Thursday, 4 February 2010

Controlling Risk (or "Skynet Becomes Self Aware")

I was reading this blog which is quite funny, and realized that my blog is not so funny. I am not sure why this is, as I am clearly a very funny person. I saw some statistics the other day about how people describe their blogs and the highest rating was for people who describe their blogs as “sincere”. Not: “funny”. At least I am not alone.

I bought a new laptop finally.  Sony Vaio, 6Gb RAM, Solid State Drive, wide screen, HD.  Most important it looks cool, which is a key determining factor in long term enjoyment ... of so many things!

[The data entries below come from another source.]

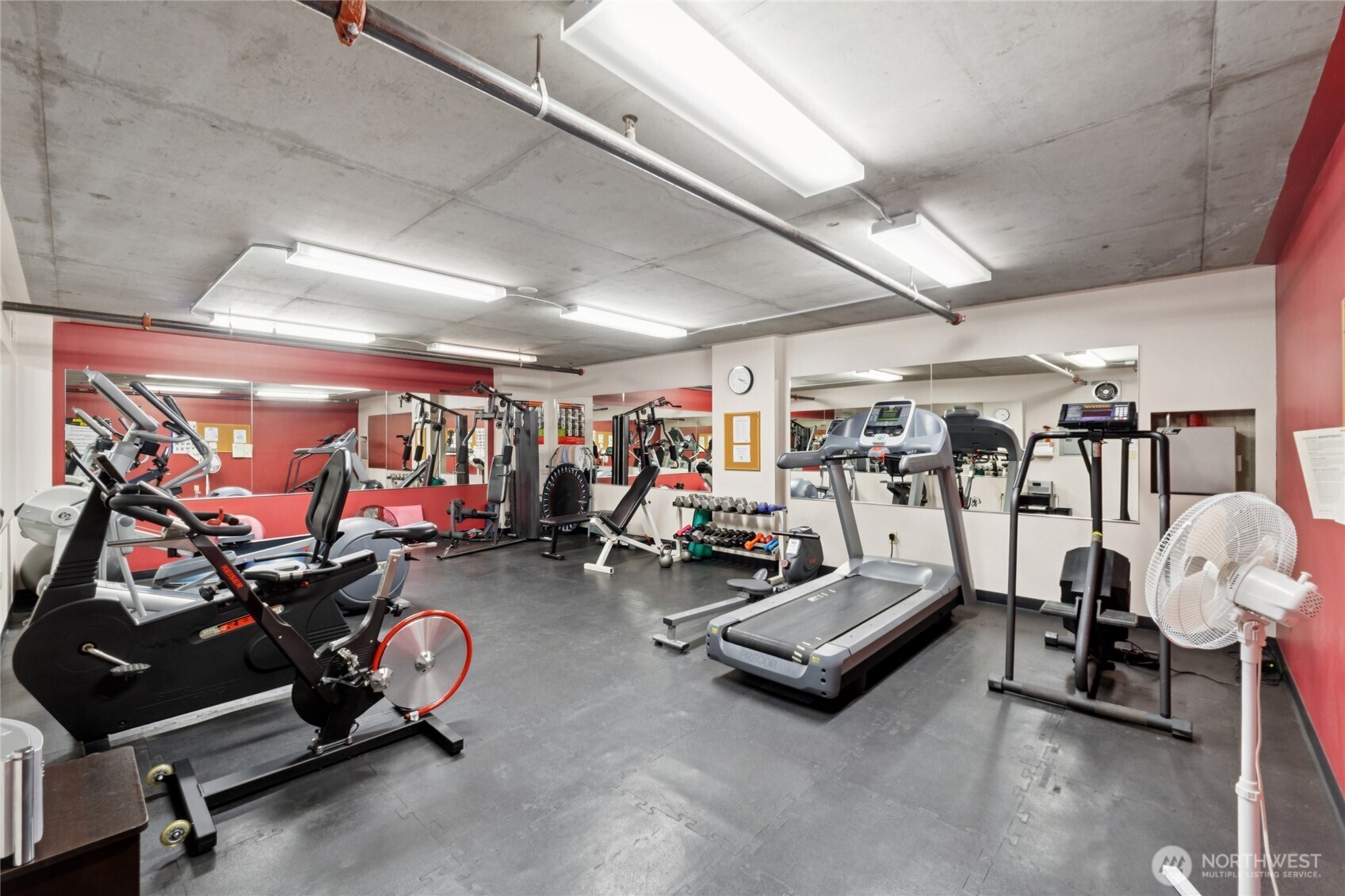 2331 42nd Avenue Southwest, Unit 414 Seattle, WA 98116 - Photo 20 of 23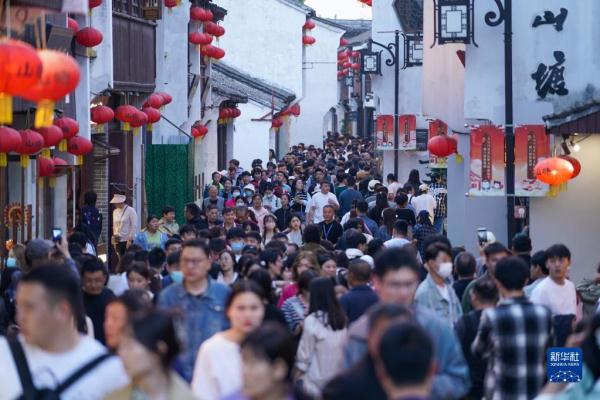 江苏苏州：山塘街里游人如织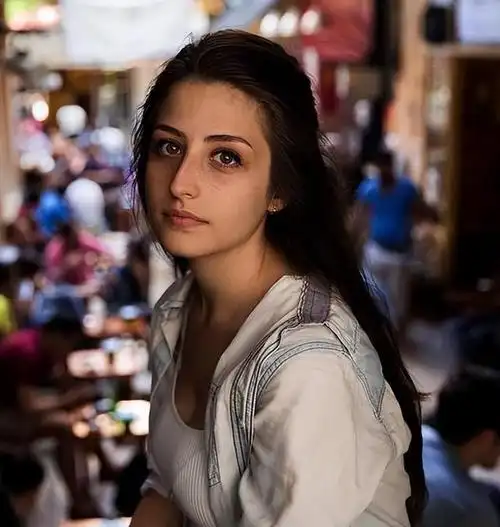 人的血脉被稀释了,越来越多的人变成混血儿,成为高鼻梁大眼睛还有薄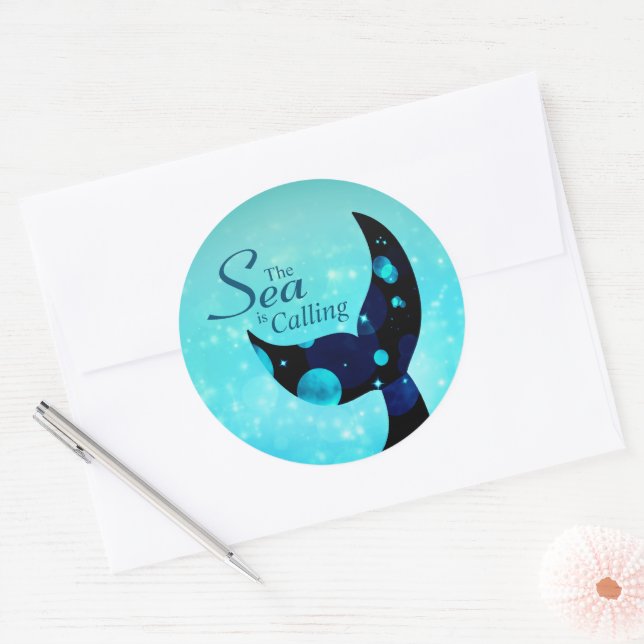 Sticker Rond Queue de sirène La mer appelle Citation (Enveloppe)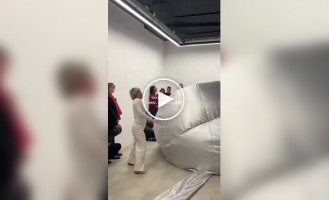 Сучасне мистецтво без пояснення: перформанс, який складно розшифрувати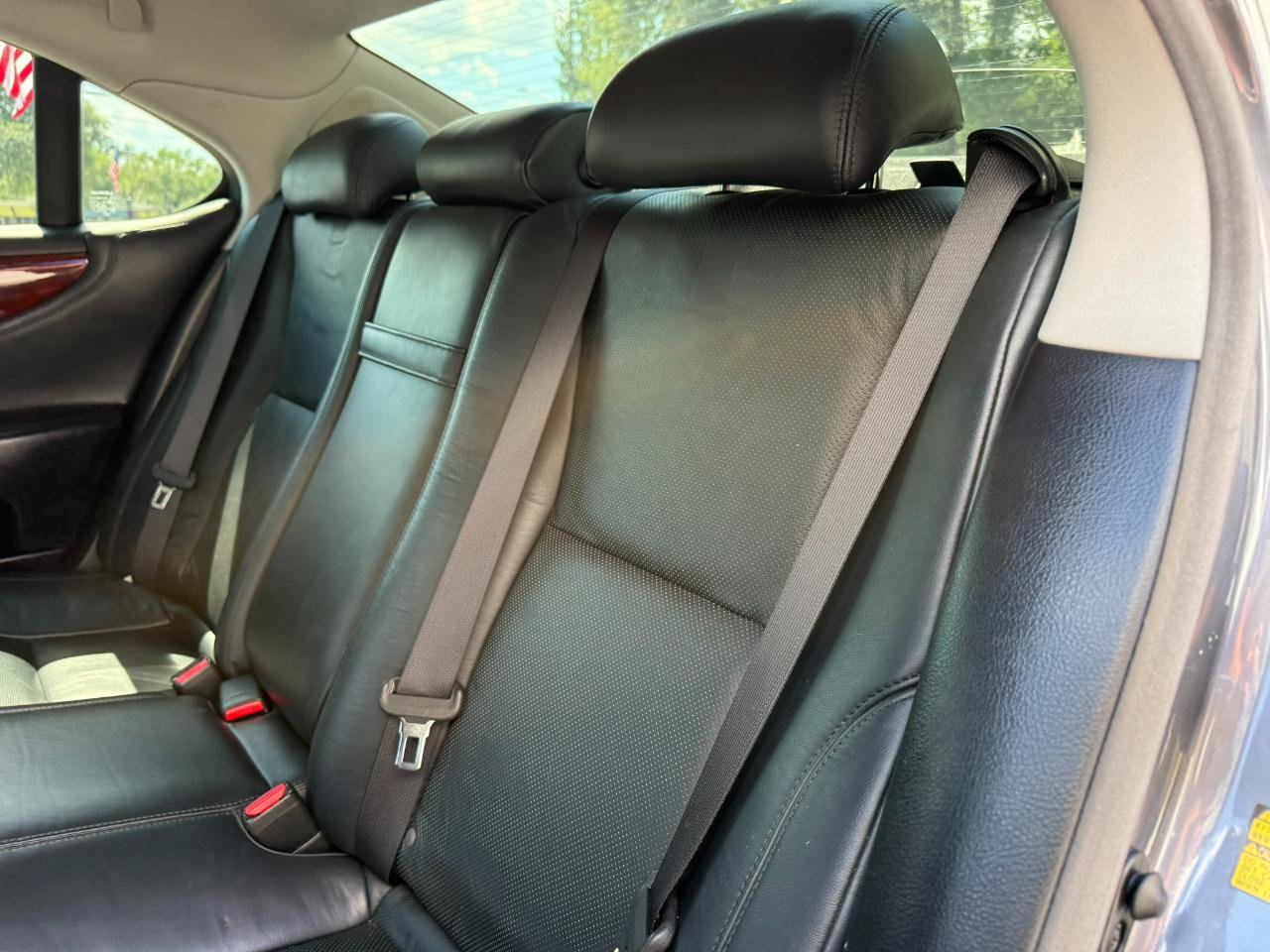 Used 2012 Lexus LS 460 AWD w/ Luxury Value Edition image 24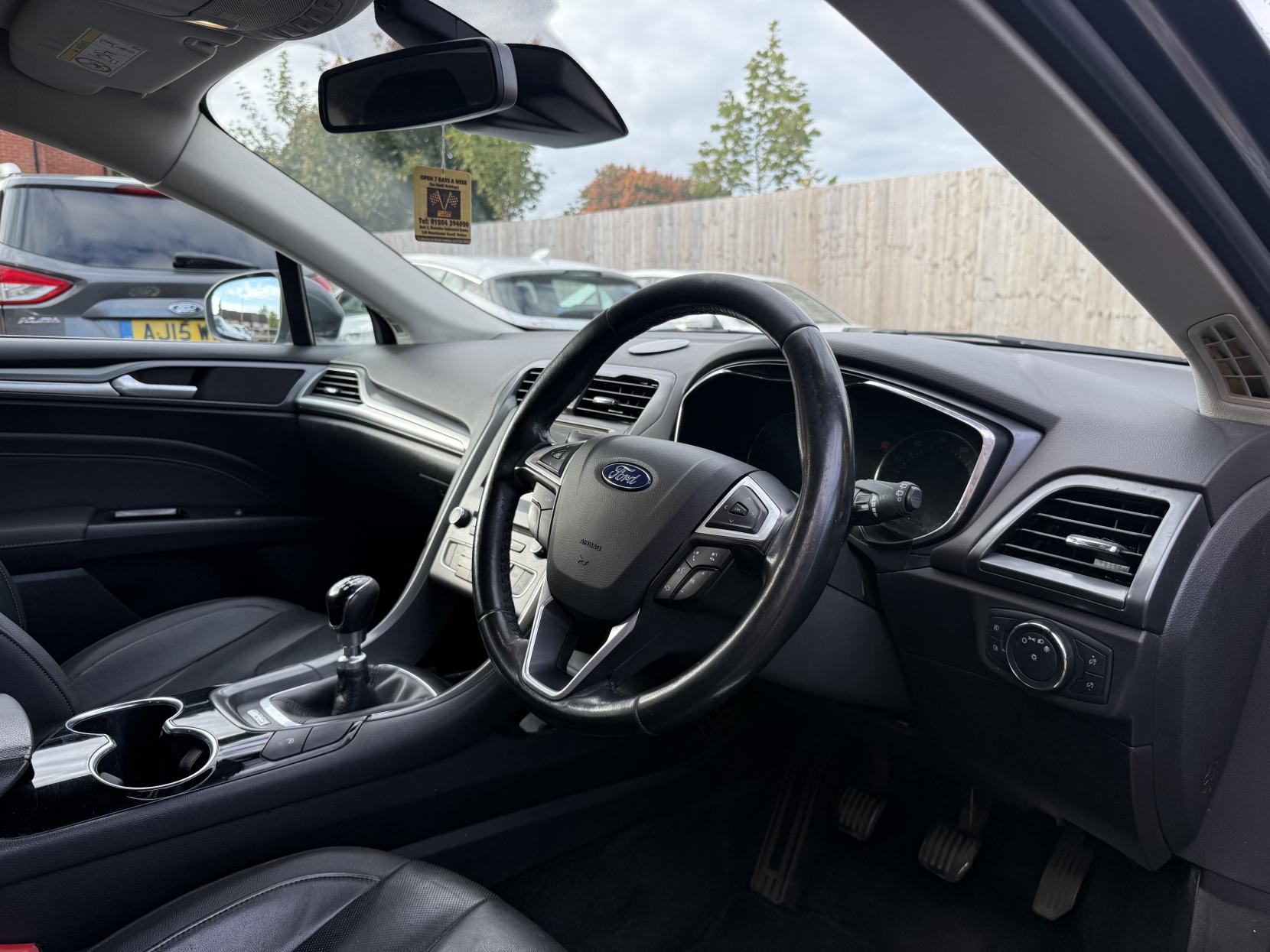 Ford Mondeo 2.0 TDCi Titanium Hatchback 5dr Diesel Manual Euro 6 (s/s) (150 ps)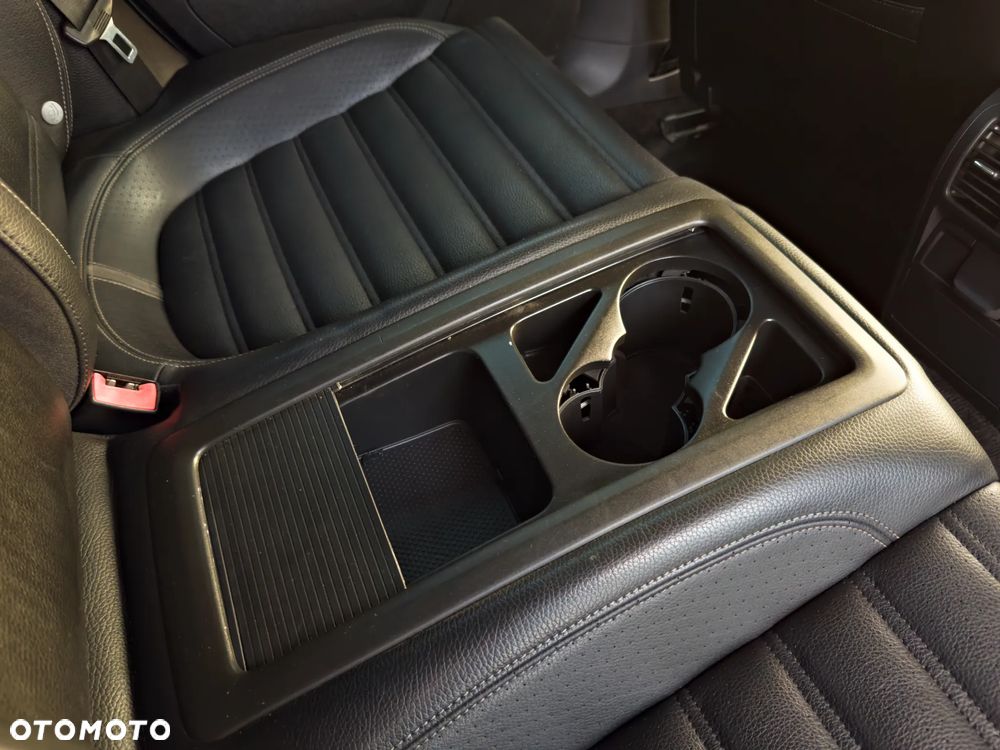 Volkswagen Passat CC 2.0 TSI DSG - 35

Which links to an article this morning by the Federal Reserve on Algorithmic Trading and "High Frequency Trading", which is where banks use computers (like the one above, which incidentally is not an algorithmic trading computer but a Japanese receptionist robot for firms that dont want to pay for a human, but it is an example of a com-pu-ter) to track miniscule (or large) abberations in the global stockmarkets and then trade heavily and at lightning speed to arbitrage a tiny window of opportunity on that delta before it closes.  This can all happen in less than the time a human could touch their keypad.  The 2% of firms engaged in High Frequency trading could be contributing up to 70% of the worlds stock market liquidity.  They need a lot of very fast fibre optic networks and very clever computers (and very very clever highly paid people to operate the computers) to do this.

Any case, the part I liked was the below (when the Federal Reserve talking about risks and how quickly these could spiral to a very large scale problem):

For example, in 2003 a U.S. trading firm became insolvent in 16 seconds when an employee who had no involvement with algorithms switched one on. It took the company 47 minutes to realize it had gone bust and to call its clearing bank, which was unaware of the situation.


Can you imagine, the cleaner, in the communications room, looking for the switch to turn the vacuum clearner on...........  oops!